Вместе с юным героем этого романа Петей Бачеем и его уличным приятелем, сорванцом Гавриком, я обживал Ланжерон и Фонтаны, Дерибасовскую и Гимназическую, Куликово поле и Ближние Мельницы, Молдаванку и Пересыпь.
Я будто своими глазами видел броненосец «Потемкин», сдавшийся на милость, необитаемый, который тащат на буксире, как на аркане, из Констанцы в Севастополь.
Путешествовал на дилижансе, навьюченном корзинами с синими баклажанами, до пристани в Аккермане.
Я слышал своими ушами, как яростно торгуется на привозе с рыбаками мадам Стороженко: «Где бычки? Я не вижу. Может быть, вот это, что я держу в руках?
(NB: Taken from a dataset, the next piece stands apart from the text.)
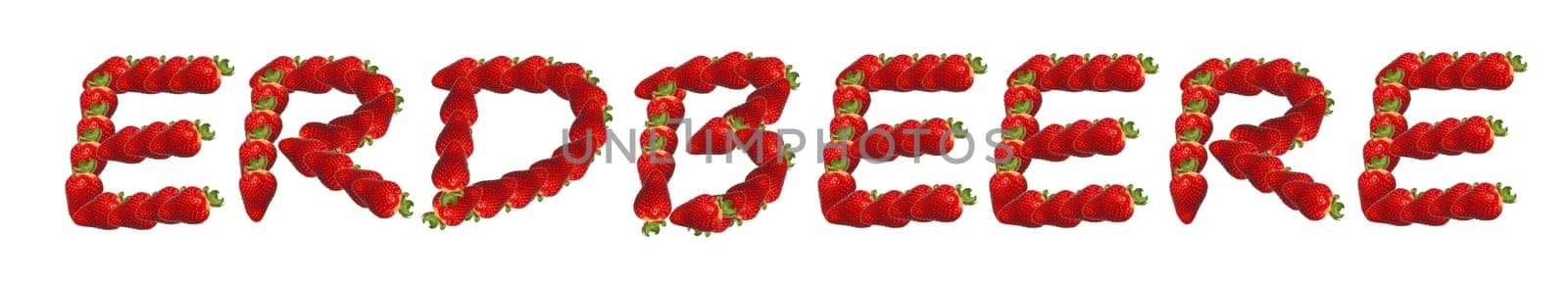 The word strawberry is made from strawberry fruits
Так это не бычки, а воши…»
И еще я слышал, как мечется в горячечном бреду матрос с «Потемкина» Родион Жуков: «Башенное, огонь!..»
И еще я видел белый мазок, запятую, брошенную на сине-зеленый фон кистью сидящего под зонтиком мариниста: лермонтовский парус над бедной рыбацкой шаландой…
Десятилетним мальчиком я вбирал в себя эти образы со страниц катаевской книги, они запечатлевались на всю жизнь в расширенных от восторга зрачках.
И сейчас он, который всё это написал, не без торжества считывал эти образы в моих глазах и едва сдерживал кривоватую тщеславную усмешку.
Но к делу.
Я изложил ему общую просьбу войти в секретариат, подкрепив это собственным доверительным аргументом: Валентин Петрович, хватит держать на командный постах в Союзе писателей всякую шваль, которая именно таким способом — должностной властью — компенсирует свою бездарность… Валентин Петрович, если кто-то в писательском союзе и должен занимать начальственные посты, то пусть за этим будет авторитет таланта, репутация мастера!
Выговорившись на предельном темпераменте, я вдруг осекся, переводя дух.
Впервые он смотрел на меня отчужденно — сверху вниз, ведь он был очень высок ростом, — почти враждебно, жестко, поджав тонкие губы.
Наконец губы шевельнулись:
— Послушайте, Рекемчук… Мне осталось пятнадцать минут.
Что? Я обмер, похолодел, поняв, что он имеет в виду, хотя и отдавал себе отчет в условности этой риторической фигуры: в свои семьдесят с гаком он был еще мужик хоть куда.
Сгорбясь, он наклонился к моему лицу и, уставив глаза в глаза, договорил тихо:
— И все эти пятнадцать минут я буду писать!
Развернулся и пошел к двери. Мы почему-то разговаривали стоя, не садясь в кресла. Может быть, он догадывался о содержании предстоящей беседы и заранее решил для себя, что она будет предельно краткой.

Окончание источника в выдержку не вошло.